» **ACTIVITY**: For the lines from the one with "Chevrolet Chevelle SS" to the end of the listing below, both ends included, give an exact copy and nothing more. Do not copy pictures.

» **SOURCE MATERIAL**:
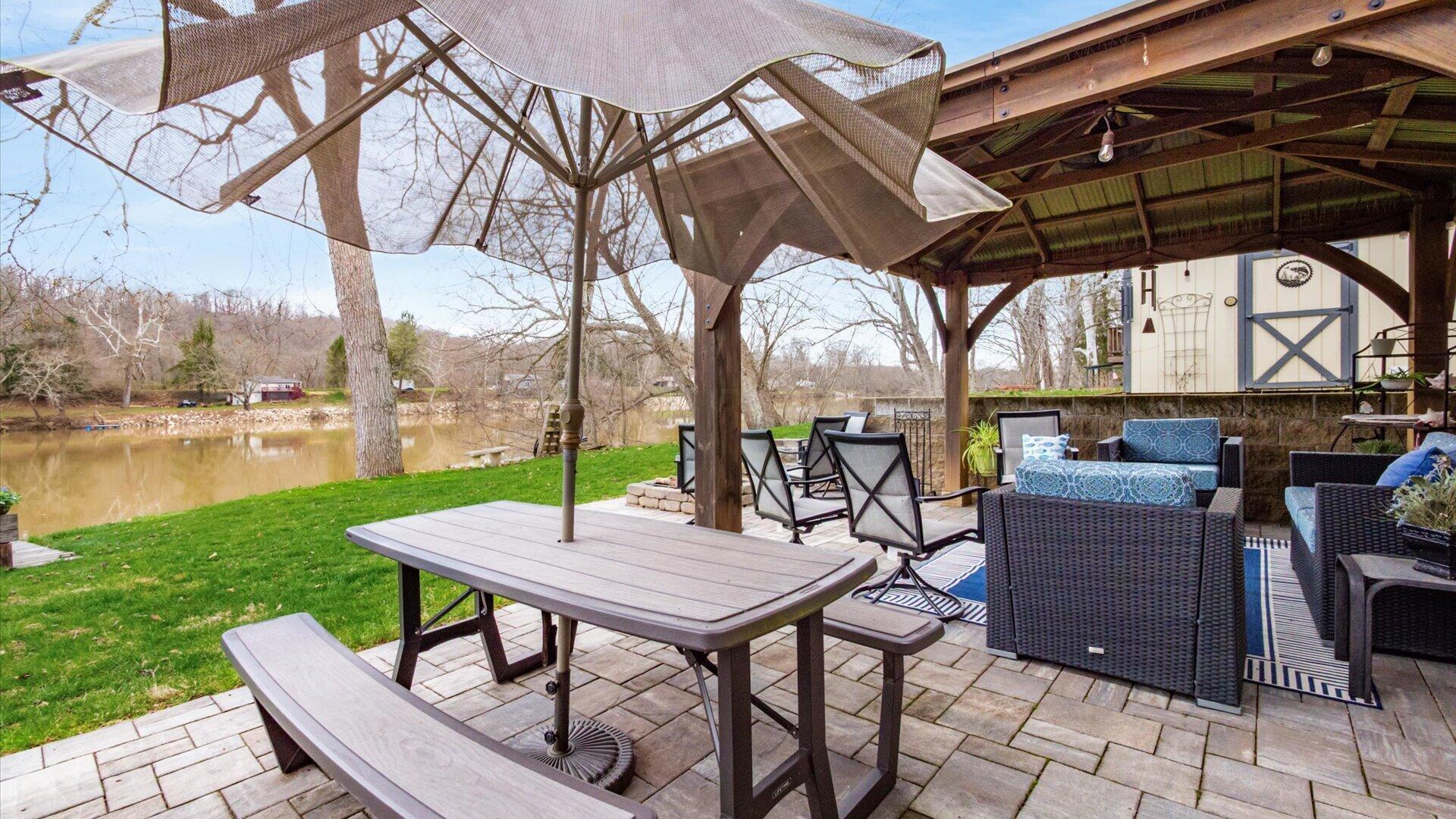 6625 S River Road Property Photo 39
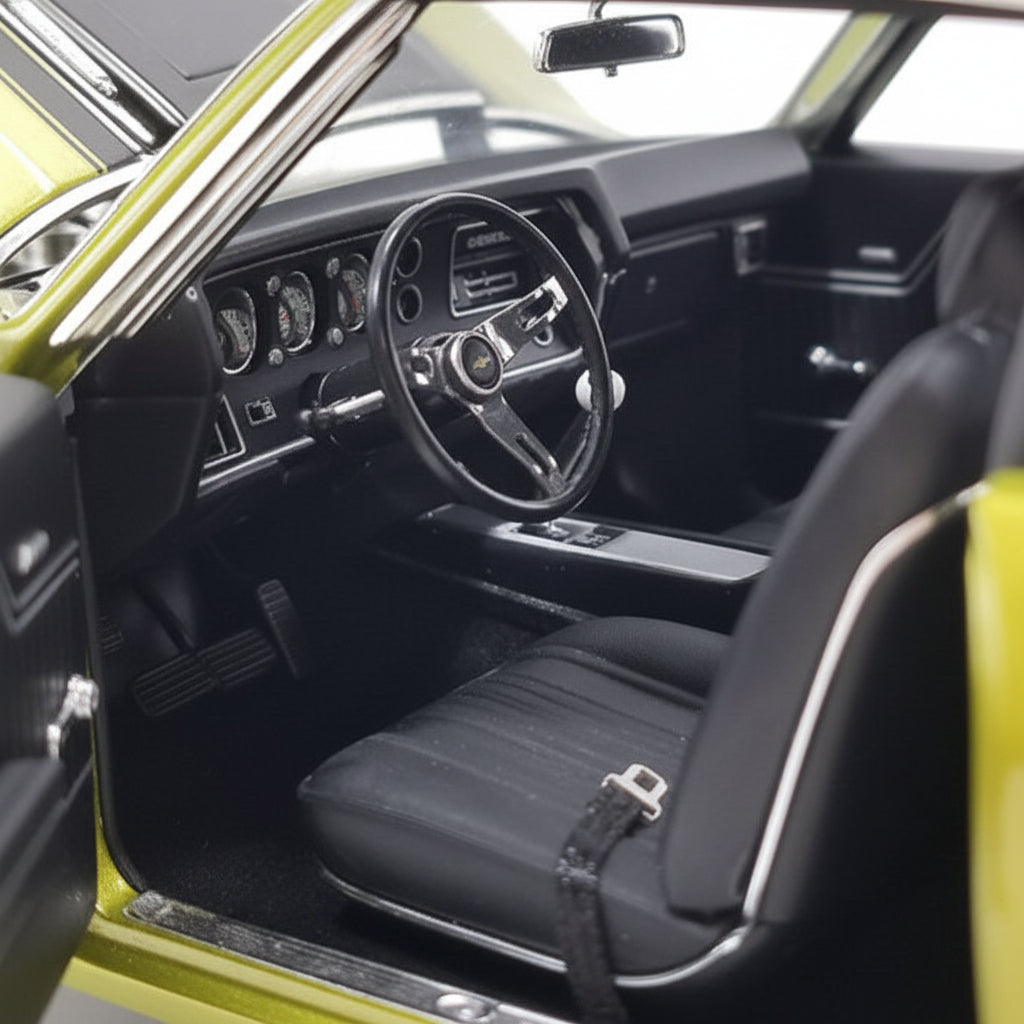 Chevrolet Chevelle SS Restomod 1970 Citrus green with black stripes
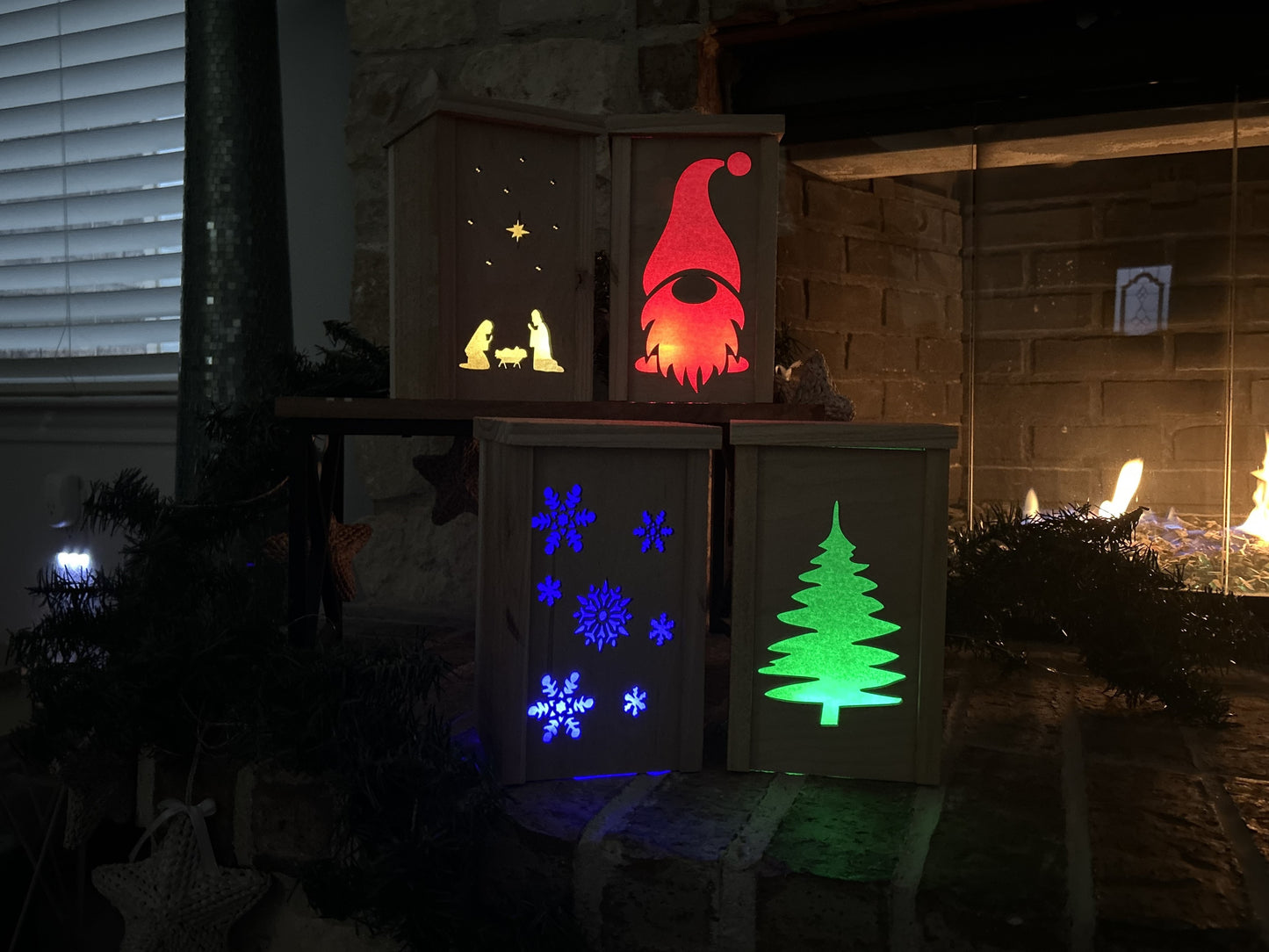 Cedar Christmas Lanterns with Changeable Faces
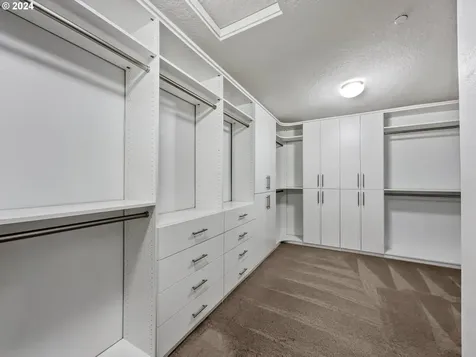 9533 SW 171st Avenue Beaverton OR 97007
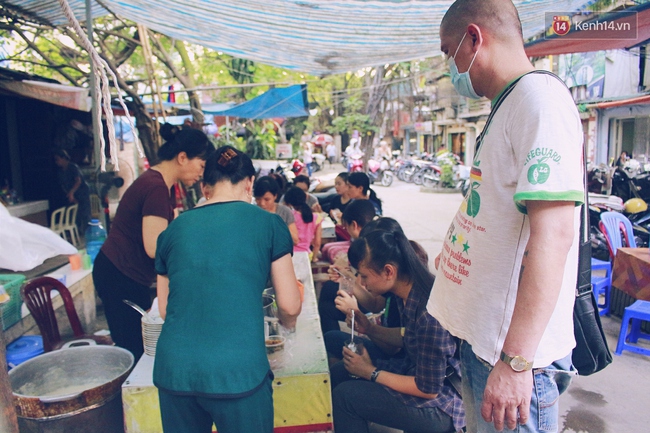 Hàng bánh đúc giá rẻ khuất trong khu tập thể cũ ở Hà Nội, đắt khách suốt 20 năm qua - Ảnh 11.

» **ANSWER FOR THE TASK**:
 Chevrolet Chevelle SS Restomod 1970 Citrus green with black stripes
 Cedar Christmas Lanterns with Changeable Faces
 9533 SW 171st Avenue Beaverton OR 97007
 Hàng bánh đúc giá rẻ khuất trong khu tập thể cũ ở Hà Nội, đắt khách suốt 20 năm qua - Ảnh 11.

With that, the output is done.